Technology, science and research are integral tools in the fight against world hunger and poverty. The Canadian government has taken important steps towards funding new efforts to fight global poverty and hunger. Last week the Canadian government announced its contribution to the second phase of the Canadian International Food Security Research Fund, also known as CIFSRF. This fund is using science and technology partnerships to try to find new solutions to battle the global epidemic of hunger and poverty.
The Canadian government is committed to improving food security to those most in need around the globe. They are using collaborative efforts contributed by universities, businesses, and non-governmental organizations to bring new perspectives to the problem. The Canadian research fund is developing a strategy that many other countries could learn from- the United States included. Canada’s research fund is striving to work with developing country researchers to respond to not only the immediate food needs on the ground but also working towards providing long-term strategies to effectively combat long-lasting poverty problems.
The second phase of the CIFSRF is working towards connecting research results to public and private sector organizations for distribution on a larger scale. Additionally, this stage has called for greater participation by women, a vital step in the eradication of global poverty. A majority of the world’s poor are women, and increased participation in the labor force is an incredibly important step in helping women escape the cycle of poverty.

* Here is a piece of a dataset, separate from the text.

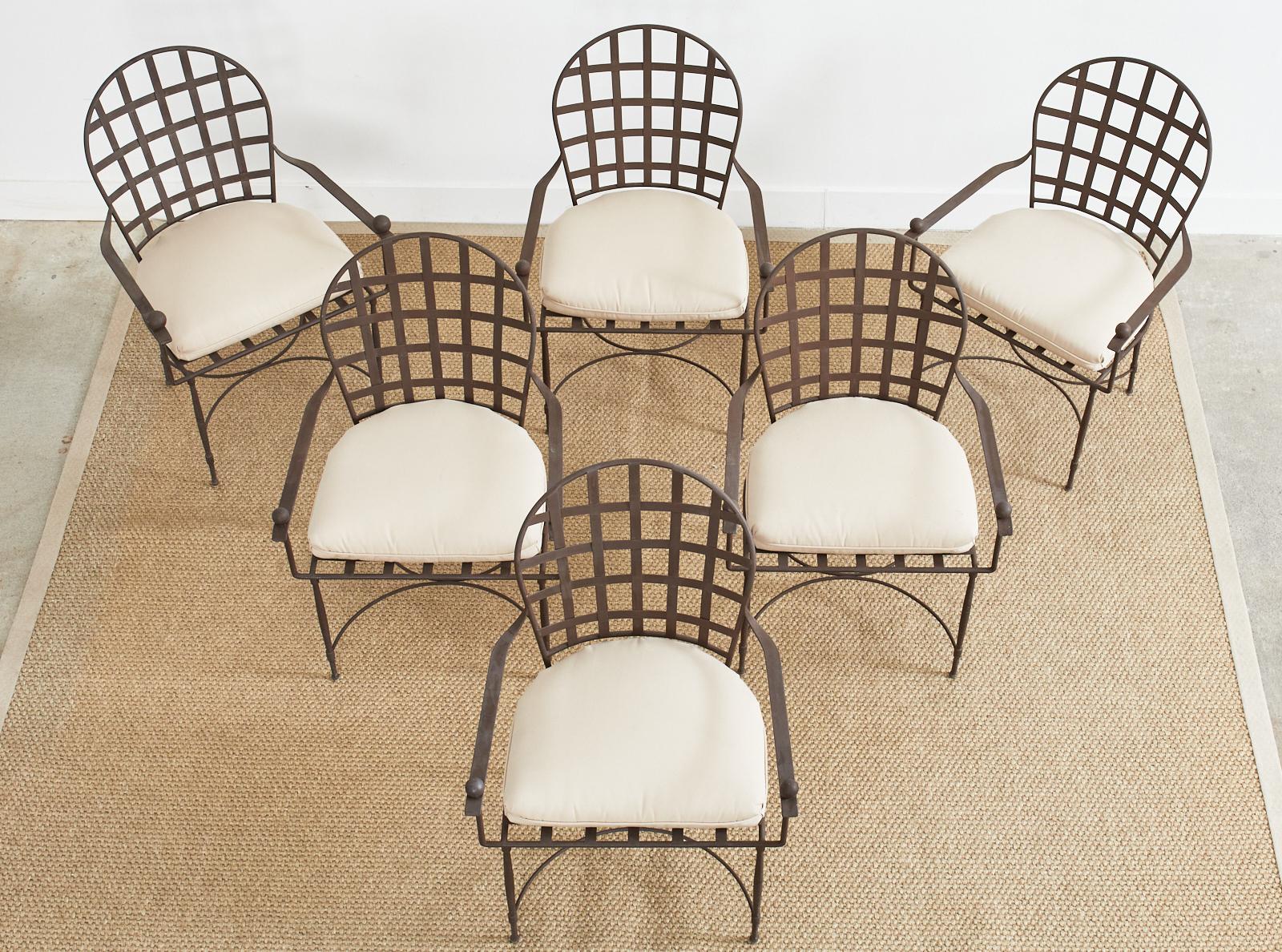 American Set of Six Mario Papperzini for John Salterini Iron Garden Chairs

The ultimate goal of CIFSRF is to provide sustainable results that will create long-term solutions in developing nations. Along with economic benefits, the Canadian organization would like to help bring about positive social change. It is refreshing to see results and improvement. This program has already managed to use nanotechnology to create an innovative packaging system that was able to significantly reduce post-harvest loss of mangoes for farmers in India and Sri Lanka. It will be exciting to see what the second phase of the program will be able to produce.